I have 2 male cockateils and I was told that its best to get 2 males rather than 2 females because the females will fight and the males won't. So I got to male hoping that they would be friends. I put their cages side by side and they have out time on the same play area. I think Spike wants to be friends but Bandit won't have any part of it he hiss and chases Spike away. I picked Spike because he had a male cage mate at the petstore and his cage mate got sold and he was quite lonley for awhile. I thought he would be the perfect friend for Spike but its not working, I'd like to put them in the same cage together because Spikes cage is huge and I was so hoping to put both birds in it. Bandits cage is to small its only 18"x17"x20"high and I'm afraid he's going to break feathers from getting the stuck in the bars. Spikes cage is way bigger tons of room for 2 small birds. I was thinking I would just put them both in there and let them sort out their diffrences. theres enough room if they want to get awayfrom each other they can. what do you think?


----------



## Plukie (Aug 26, 2007)

Hmmm, I'm going to pass on this one, I don't know whether it would be a good idea or not. I know when I got Daisy, the breeder said, don't mess around just put her straight in with him, I waited a day or two and then put them together and yes, there was a little bit of jostling but nothing much, but of course that is male and female. I don't know what to expect or to say about two males.


----------



## Bea (Jul 26, 2007)

I'm not sure if i would do that either.

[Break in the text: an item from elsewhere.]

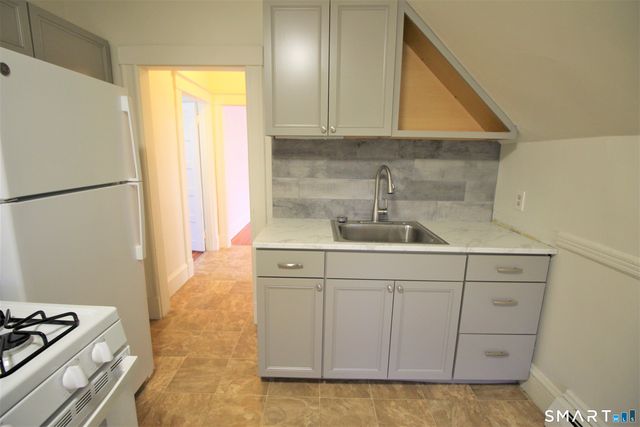 19 Nesbit Avenue 3rd Floor, West Hartford, CT 06119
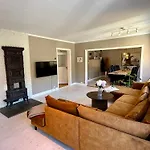 Вилла 5 Bedroom With Svolvaergeita View Свольвер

Maybe give it a go but if they are fighting rather than bickering separate them again.


----------



## xxxSpikexxx (Jul 30, 2007)

You could put them in together but keep a real close eye on them and let them sleep in their own cages. Mabey Bandit just needs some more time to get use to Spike.


----------



## tielfan (Aug 31, 2008)

Some birds never do learn to get along together very well, but they will form a flock bond after they get used to each other. In other words, they won't want to be too close together or too far apart! If the cage is big enough to be measured in feet you can put them both in it, but you'll have to watch them carefully until you're confident that neither one is going to do serious harm to the other. The best place for them to get used to each other is in neutral territory, where neither one feels like he owns the location and has to protect it from the other bird.


----------



## kimmikefids (Aug 2, 2008)

Angel doesn't like Little Mikey but they are in a big cage together and worst thing he does is hiss and peck at Little Mikey's tail if it gets too close to him...otherwise he runs like a scaredy bird!!!! It's been a few months and they have settled into a dysfunctional relationship but i'm not sure they will ever be buddies....i think LIttle Mikey would if it wasn't for the hissing and running so now he just does what he wants and Angel does what he wants...it may just take yours time.....or tey may never be best buds...but as long as they aren't causing each other physical or emotional damage.....i would put the together and see what happens....like mentioned tho if they really go at it fighting then they need their seperate cages


----------



## sweetrsue (Jul 8, 2008)

It's not true of Cockatiels that males get along better than females. That IS true of Budgies. The females are dominant in Budgies. I would not put bandit in Spikes cage as he no doubt feels it is his territory. Males tend to do that. But if you were to completely change the cage around and put some new toys in you would stand a better chance of creating a nuetral enviroment. Is there a room where they could fly around together? That might be a good way to start. Kims' point is very valid. They are not likely to do any real damage to each other. They are just trying to sort out who is top dog. Once that's done they should be relatively peaceful


----------



## spike's mom (Aug 21, 2008)

They don't hurt each other when they are out together which is most of the time. I don't go out much except to work. I only work 3 or4 nights a week from 5pm til 11 pm. They go to bed at 8pm so the longest they are ever in their cages is 3 hours 3or 4 days a week. When their out they have a play area that they are on which is 4 ft by 2ft wide. Spike does try to make friends, but Bandit just hisses and Spike just leaves and goes and plays somewhere else. If he really get fed up he flys over to me and hangs out on my shoulder. He doesn't want to fight he's a fairly sociable bird except when he want me to give him scritches and I'm not accomadating him fast enough. Then he throws a little hisses fit and bangs his beak against my shoulder and chatters cockateil bad words in my ear. At least thats what it sounds like to me I don't speak Cockateil so I don't know for sure. All I know for sure is he's mad and wants scritches now. LOL


----------